Selain kesadaran material, pengambil kebijakan juga memiliki pengaruh terhadap nilai dan kualitas karya. Yang jamak terjadi adalah tidak sesuainya biaya pemeliharaan lukisan dengan nilai jual lukisan tersebut. “Misal ada lukisan harga 50 miliar sedangkan harga gedung kantor misalnya 30 miliar, namun biaya perawatan lebih banyak untuk gedung dibanding lukisan. Itu tentu tidak masuk akal kan?” ujarnya.

Faktor eksternal lain adalah standar suhu ruang pamer. Galeri Nasional yang disebut Pustanto sebagai pintu gerbang seni rupa Indonesia, diharapkan akan menjadi sarana yang lebih baik dari segi standar suhu supaya lukisan tidak memuai dan menyusut yang menyebabkan keretakan cat.
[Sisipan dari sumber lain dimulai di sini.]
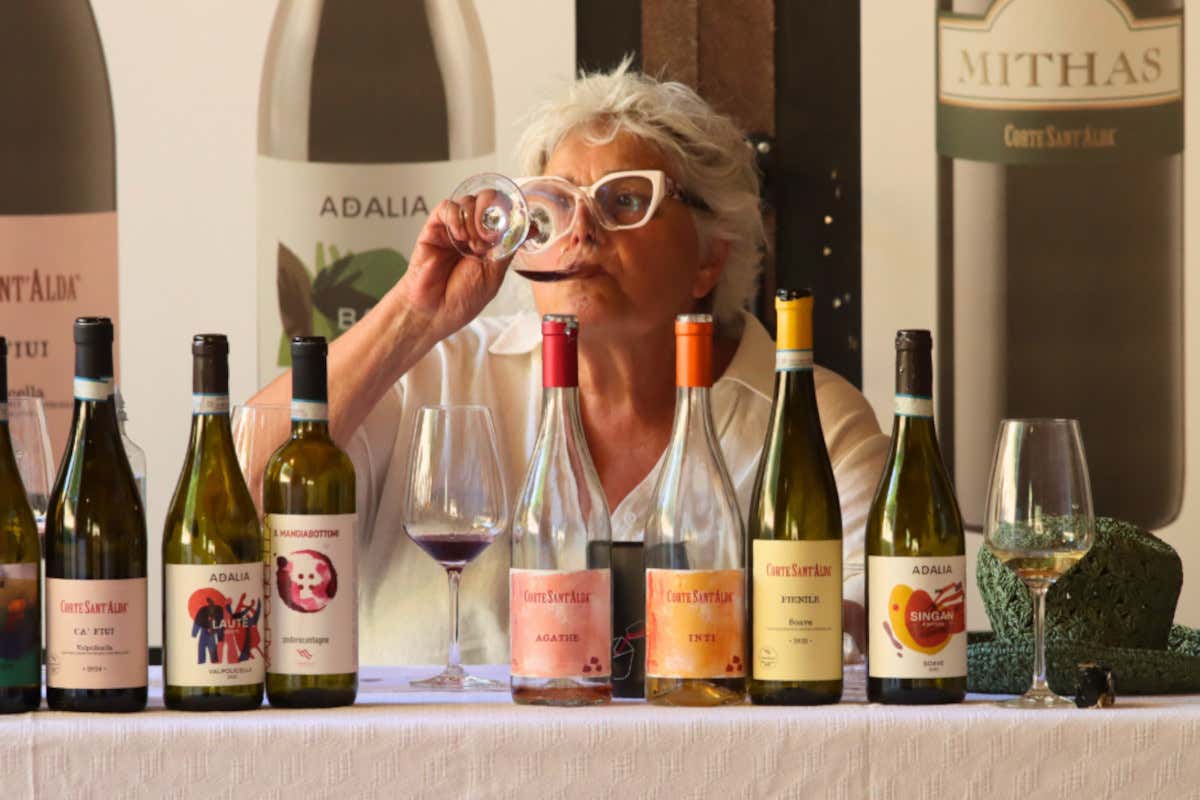 La “non-degustazione” che ribalta il vino: il metodo di Marinella Camerani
Baca juga Studio Konservasi dan Restorasi Seni di Singapura dan Indonesia

Ke depannya, Pustanto berharap Galeri Nasional akan terus mengembangkan kualitas dan jumlah koleksinya, serta menjadi lembaga dokumentasi yang memetakan sejarah seni rupa secara jelas bagi khalayak luas.

Ia juga berusaha untuk mewadahi semua aliran seni dari berbagai daerah di Indonesia yang membawa ciri khas, konsep, dan wacana yang berbeda. Keberagaman dilihat Pustanto sebagai daya tarik untuk membangun diskusi serta kritik.

Lebih jauh, besar keinginan Pustanto untuk menumbuhkan kesadaran seniman tentang pentingnya ilmu manajemen di era seperti ini. Ia tidak ingin seniman menjadi korban karena tidak memperhatikan berbagai aspek mulai dari proses produksi hingga apresiasi.

Untuk melihat bagaimana kinerja seorang Pustanto, tentunya masih butuh waktu. Baru menjabat empat bulan sejak 2 Februari 2018, cerita yang akan ditorehkannya patut kita tunggu, khususnya dalam “merombak” tubuh Galeri Nasional sesuai visi yang dia rencanakan.

“Ujung-ujungnya ya meningkatkan sarana dan prasana itu, untuk membuat orang nyaman dan koleksi nyaman.”